From this judgment, the defendant appealed to the Court of Appeals, contending that the lower court erred:

  1. In failing to render judgment with respect to the counterclaim presented by the defendant-appellant against the plaintiffs-appellees on which an order of default had been entered and evidence presented by the defendant-appellant;
  2. In not having rendered judgment in favor of the defendant-appellant against the plaintiff Santiago Rombo for PI,320.00 and against the plaintiff Fortunato Layague for P4,400.00 for the value of the coconuts they gathered from* the land in question during the crop years 1947-1948.

As the case was submitted upon a stipulation of facts and the issue involved is one of law, the Court of Appeals certified the case to this Court.

The validity of the sales made by the heirs of their respective shares in the realty under administration is no longer contested by defendant-appellant. The only question now for determination, as stated by appellant herself in her brief, is whether or not the trial judge erred in not rendering judgment with respect to her counterclaim for the value of the fruits gathered by plaintiffs from the land during the crop year 1947-48.

It is admitted in the stipulation of facts that plaintiffs-appellees were "during the year 1947-48 up to September 1949" in possession of two-thirds portion of the land under administration proceedings by virtue of the deeds of sale executed by the heirs; that during that period, Fortunato Layague gathered 40,000 coconuts which yielded about 8,000 kilos of copra, while Santiago Rombo gathered 12,000 coconuts which he converted into 2,400 kilos of copra; and that both of them sold the copra, the price thereof being P55.00 per hundred piculs at the time. It is likewise admitted that the land in question was in custodia legis when the heirs sold their interest or participation therein in 1946. As a matter of fact, the intestate proceedings of the late Alipia Perez was instituted way back in 1936 and has not yet been closed or terminated.

Under section 3, Rule 85, of the Rules of Court, the executor or administrator shall have the right to take possession of the real or personal property of the deceased so long as it is necessary for the payment of debts and expenses of administration.

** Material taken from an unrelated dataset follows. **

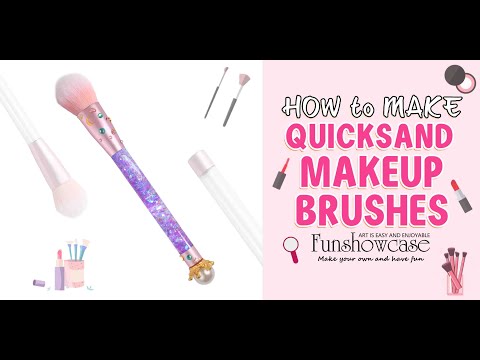 DIY Liquid Quicksand Glitter Makeup Brushes with Crystal Pouch Resin Art Craft Set 7-count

Where there are no debts, however, to be paid, there is no reason for the executor or administrator taking possession of the estate which should pass to the heirs. (Buenaventura, et al. vs. Ramos, 43 Phil., 704.) The sale made in the instant case by the heirs of their right, interest or participation in the lands under administration in favor of the plaintiffs-appellees having been declared valid and there being not even an intimation that the estate is indebted, we are inclined to rule that the payment for the value of the fruits gathered by the plaintiffs-appellees as purchasers to the defendant administratrix is not necessary and might even prove to be cumbersome. In any event, the quantity of the fruits gathered by appellees is known and determinable in value. Conceding that the proceeds they received from the fruits of the estate belong to the estate, the court in the intestate proceedings has jurisdiction over them and could, if necessary, compel said appellees to deliver to the administratrix of the estate the necessary portion of said proceeds for the payment of any claim against the estate. In this connection, we note that the estate of the deceased has been under administration proceedings for quite an unreasonably long time. This is patently against the policy of the Rules of Court to close up the estate as promptly and economically as possible. As was once held by this Court, "All courts of first instance should exert themselves to close up estate within twelve months from the time they are presented, and may refuse to allow any compensation to executors and administrators who do not actively labor to that end, and they may even adopt harsher measures." (Lizarraga Hermanos vs. Abada, 40 Phil., 124.) The defendant administratrix would, therefore, do well to accomplish the administration of the estate with the utmost reasonable dispatch, with a view to an early distribution of the remainder among the persons entitled thereto.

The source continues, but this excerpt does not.